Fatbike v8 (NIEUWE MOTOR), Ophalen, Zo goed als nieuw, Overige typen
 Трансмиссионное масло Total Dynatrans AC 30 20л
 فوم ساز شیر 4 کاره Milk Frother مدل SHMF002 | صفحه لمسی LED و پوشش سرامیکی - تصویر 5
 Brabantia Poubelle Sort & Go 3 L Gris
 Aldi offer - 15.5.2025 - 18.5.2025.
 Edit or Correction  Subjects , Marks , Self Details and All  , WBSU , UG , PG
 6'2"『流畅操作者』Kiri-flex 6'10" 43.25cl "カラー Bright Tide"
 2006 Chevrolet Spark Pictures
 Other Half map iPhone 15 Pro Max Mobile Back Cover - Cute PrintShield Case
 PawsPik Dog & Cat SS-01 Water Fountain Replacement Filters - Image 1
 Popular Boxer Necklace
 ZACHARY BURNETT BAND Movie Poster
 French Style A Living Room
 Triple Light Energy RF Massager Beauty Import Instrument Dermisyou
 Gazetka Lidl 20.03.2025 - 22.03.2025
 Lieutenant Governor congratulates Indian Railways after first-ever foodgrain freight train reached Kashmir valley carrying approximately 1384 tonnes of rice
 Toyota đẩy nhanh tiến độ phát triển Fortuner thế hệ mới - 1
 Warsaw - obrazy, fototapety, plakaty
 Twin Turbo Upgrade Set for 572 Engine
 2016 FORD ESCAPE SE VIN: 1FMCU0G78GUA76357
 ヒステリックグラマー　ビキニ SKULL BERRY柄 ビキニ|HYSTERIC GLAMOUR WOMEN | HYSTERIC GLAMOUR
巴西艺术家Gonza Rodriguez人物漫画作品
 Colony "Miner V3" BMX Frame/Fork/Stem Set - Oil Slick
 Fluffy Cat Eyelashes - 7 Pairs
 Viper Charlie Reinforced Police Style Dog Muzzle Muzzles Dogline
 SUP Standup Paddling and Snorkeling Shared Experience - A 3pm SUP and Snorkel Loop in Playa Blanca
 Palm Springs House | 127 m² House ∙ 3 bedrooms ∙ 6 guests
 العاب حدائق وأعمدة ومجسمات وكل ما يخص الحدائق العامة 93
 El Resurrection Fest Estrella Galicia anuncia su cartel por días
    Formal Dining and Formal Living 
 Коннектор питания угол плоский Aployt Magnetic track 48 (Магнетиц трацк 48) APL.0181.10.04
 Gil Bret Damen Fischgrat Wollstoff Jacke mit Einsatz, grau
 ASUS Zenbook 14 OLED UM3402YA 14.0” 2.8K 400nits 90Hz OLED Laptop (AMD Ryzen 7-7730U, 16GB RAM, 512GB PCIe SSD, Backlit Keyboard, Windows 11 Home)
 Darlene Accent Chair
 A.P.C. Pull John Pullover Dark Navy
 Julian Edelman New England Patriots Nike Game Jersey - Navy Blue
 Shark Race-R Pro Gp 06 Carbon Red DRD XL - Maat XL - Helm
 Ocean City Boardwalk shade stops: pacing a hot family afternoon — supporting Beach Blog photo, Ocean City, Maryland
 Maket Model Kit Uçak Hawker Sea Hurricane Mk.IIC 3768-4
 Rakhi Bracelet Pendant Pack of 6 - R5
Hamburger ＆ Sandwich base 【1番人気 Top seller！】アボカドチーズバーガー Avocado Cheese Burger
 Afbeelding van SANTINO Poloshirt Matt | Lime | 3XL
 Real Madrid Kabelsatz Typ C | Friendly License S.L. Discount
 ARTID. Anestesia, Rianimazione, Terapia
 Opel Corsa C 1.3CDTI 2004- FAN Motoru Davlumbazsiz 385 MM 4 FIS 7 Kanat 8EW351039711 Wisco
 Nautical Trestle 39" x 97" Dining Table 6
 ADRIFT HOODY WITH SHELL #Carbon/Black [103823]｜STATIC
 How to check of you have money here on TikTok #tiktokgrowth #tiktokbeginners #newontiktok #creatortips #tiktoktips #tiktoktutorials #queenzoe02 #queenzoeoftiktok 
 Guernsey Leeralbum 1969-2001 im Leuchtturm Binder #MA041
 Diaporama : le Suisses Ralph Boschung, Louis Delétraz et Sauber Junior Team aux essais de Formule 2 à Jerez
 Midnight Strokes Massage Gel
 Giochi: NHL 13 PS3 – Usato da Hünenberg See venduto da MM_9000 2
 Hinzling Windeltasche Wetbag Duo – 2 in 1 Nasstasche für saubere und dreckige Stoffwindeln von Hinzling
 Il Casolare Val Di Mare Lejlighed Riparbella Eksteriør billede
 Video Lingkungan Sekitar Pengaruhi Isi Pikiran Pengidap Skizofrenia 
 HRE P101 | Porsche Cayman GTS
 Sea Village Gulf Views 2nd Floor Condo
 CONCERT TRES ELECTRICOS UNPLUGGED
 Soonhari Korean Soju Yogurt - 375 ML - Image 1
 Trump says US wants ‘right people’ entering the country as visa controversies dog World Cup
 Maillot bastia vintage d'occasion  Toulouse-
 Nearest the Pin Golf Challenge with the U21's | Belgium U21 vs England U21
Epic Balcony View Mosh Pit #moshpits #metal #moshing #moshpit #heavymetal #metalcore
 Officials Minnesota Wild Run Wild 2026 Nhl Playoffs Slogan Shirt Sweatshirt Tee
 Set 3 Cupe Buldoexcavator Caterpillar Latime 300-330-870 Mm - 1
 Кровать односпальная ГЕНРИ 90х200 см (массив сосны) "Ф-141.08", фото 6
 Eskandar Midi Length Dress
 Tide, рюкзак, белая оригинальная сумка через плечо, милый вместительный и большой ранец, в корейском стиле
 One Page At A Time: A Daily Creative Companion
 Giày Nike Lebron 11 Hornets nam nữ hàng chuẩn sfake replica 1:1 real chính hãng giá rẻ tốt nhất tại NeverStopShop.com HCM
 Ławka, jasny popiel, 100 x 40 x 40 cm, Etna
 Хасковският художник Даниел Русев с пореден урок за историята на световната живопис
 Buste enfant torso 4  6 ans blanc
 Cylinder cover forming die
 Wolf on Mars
....
__PROMPT__: Start to finish, restate the records above word for word.

__SOLUTION TO THIS PROBLEM__:
Fatbike v8 (NIEUWE MOTOR), Ophalen, Zo goed als nieuw, Overige typen
 Трансмиссионное масло Total Dynatrans AC 30 20л
 فوم ساز شیر 4 کاره Milk Frother مدل SHMF002 | صفحه لمسی LED و پوشش سرامیکی - تصویر 5
 Brabantia Poubelle Sort & Go 3 L Gris
 Aldi offer - 15.5.2025 - 18.5.2025.
 Edit or Correction  Subjects , Marks , Self Details and All  , WBSU , UG , PG
 6'2"『流畅操作者』Kiri-flex 6'10" 43.25cl "カラー Bright Tide"
 2006 Chevrolet Spark Pictures
 Other Half map iPhone 15 Pro Max Mobile Back Cover - Cute PrintShield Case
 PawsPik Dog & Cat SS-01 Water Fountain Replacement Filters - Image 1
 Popular Boxer Necklace
 ZACHARY BURNETT BAND Movie Poster
 French Style A Living Room
 Triple Light Energy RF Massager Beauty Import Instrument Dermisyou
 Gazetka Lidl 20.03.2025 - 22.03.2025
 Lieutenant Governor congratulates Indian Railways after first-ever foodgrain freight train reached Kashmir valley carrying approximately 1384 tonnes of rice
 Toyota đẩy nhanh tiến độ phát triển Fortuner thế hệ mới - 1
 Warsaw - obrazy, fototapety, plakaty
 Twin Turbo Upgrade Set for 572 Engine
 2016 FORD ESCAPE SE VIN: 1FMCU0G78GUA76357
 ヒステリックグラマー　ビキニ SKULL BERRY柄 ビキニ|HYSTERIC GLAMOUR WOMEN | HYSTERIC GLAMOUR
巴西艺术家Gonza Rodriguez人物漫画作品
 Colony "Miner V3" BMX Frame/Fork/Stem Set - Oil Slick
 Fluffy Cat Eyelashes - 7 Pairs
 Viper Charlie Reinforced Police Style Dog Muzzle Muzzles Dogline
 SUP Standup Paddling and Snorkeling Shared Experience - A 3pm SUP and Snorkel Loop in Playa Blanca
 Palm Springs House | 127 m² House ∙ 3 bedrooms ∙ 6 guests
 العاب حدائق وأعمدة ومجسمات وكل ما يخص الحدائق العامة 93
 El Resurrection Fest Estrella Galicia anuncia su cartel por días
    Formal Dining and Formal Living 
 Коннектор питания угол плоский Aployt Magnetic track 48 (Магнетиц трацк 48) APL.0181.10.04
 Gil Bret Damen Fischgrat Wollstoff Jacke mit Einsatz, grau
 ASUS Zenbook 14 OLED UM3402YA 14.0” 2.8K 400nits 90Hz OLED Laptop (AMD Ryzen 7-7730U, 16GB RAM, 512GB PCIe SSD, Backlit Keyboard, Windows 11 Home)
 Darlene Accent Chair
 A.P.C. Pull John Pullover Dark Navy
 Julian Edelman New England Patriots Nike Game Jersey - Navy Blue
 Shark Race-R Pro Gp 06 Carbon Red DRD XL - Maat XL - Helm
 Ocean City Boardwalk shade stops: pacing a hot family afternoon — supporting Beach Blog photo, Ocean City, Maryland
 Maket Model Kit Uçak Hawker Sea Hurricane Mk.IIC 3768-4
 Rakhi Bracelet Pendant Pack of 6 - R5
Hamburger ＆ Sandwich base 【1番人気 Top seller！】アボカドチーズバーガー Avocado Cheese Burger
 Afbeelding van SANTINO Poloshirt Matt | Lime | 3XL
 Real Madrid Kabelsatz Typ C | Friendly License S.L. Discount
 ARTID. Anestesia, Rianimazione, Terapia
 Opel Corsa C 1.3CDTI 2004- FAN Motoru Davlumbazsiz 385 MM 4 FIS 7 Kanat 8EW351039711 Wisco
 Nautical Trestle 39" x 97" Dining Table 6
 ADRIFT HOODY WITH SHELL #Carbon/Black [103823]｜STATIC
 How to check of you have money here on TikTok #tiktokgrowth #tiktokbeginners #newontiktok #creatortips #tiktoktips #tiktoktutorials #queenzoe02 #queenzoeoftiktok 
 Guernsey Leeralbum 1969-2001 im Leuchtturm Binder #MA041
 Diaporama : le Suisses Ralph Boschung, Louis Delétraz et Sauber Junior Team aux essais de Formule 2 à Jerez
 Midnight Strokes Massage Gel
 Giochi: NHL 13 PS3 – Usato da Hünenberg See venduto da MM_9000 2
 Hinzling Windeltasche Wetbag Duo – 2 in 1 Nasstasche für saubere und dreckige Stoffwindeln von Hinzling
 Il Casolare Val Di Mare Lejlighed Riparbella Eksteriør billede
 Video Lingkungan Sekitar Pengaruhi Isi Pikiran Pengidap Skizofrenia 
 HRE P101 | Porsche Cayman GTS
 Sea Village Gulf Views 2nd Floor Condo
 CONCERT TRES ELECTRICOS UNPLUGGED
 Soonhari Korean Soju Yogurt - 375 ML - Image 1
 Trump says US wants ‘right people’ entering the country as visa controversies dog World Cup
 Maillot bastia vintage d'occasion  Toulouse-
 Nearest the Pin Golf Challenge with the U21's | Belgium U21 vs England U21
Epic Balcony View Mosh Pit #moshpits #metal #moshing #moshpit #heavymetal #metalcore
 Officials Minnesota Wild Run Wild 2026 Nhl Playoffs Slogan Shirt Sweatshirt Tee
 Set 3 Cupe Buldoexcavator Caterpillar Latime 300-330-870 Mm - 1
 Кровать односпальная ГЕНРИ 90х200 см (массив сосны) "Ф-141.08", фото 6
 Eskandar Midi Length Dress
 Tide, рюкзак, белая оригинальная сумка через плечо, милый вместительный и большой ранец, в корейском стиле
 One Page At A Time: A Daily Creative Companion
 Giày Nike Lebron 11 Hornets nam nữ hàng chuẩn sfake replica 1:1 real chính hãng giá rẻ tốt nhất tại NeverStopShop.com HCM
 Ławka, jasny popiel, 100 x 40 x 40 cm, Etna
 Хасковският художник Даниел Русев с пореден урок за историята на световната живопис
 Buste enfant torso 4  6 ans blanc
 Cylinder cover forming die
 Wolf on Mars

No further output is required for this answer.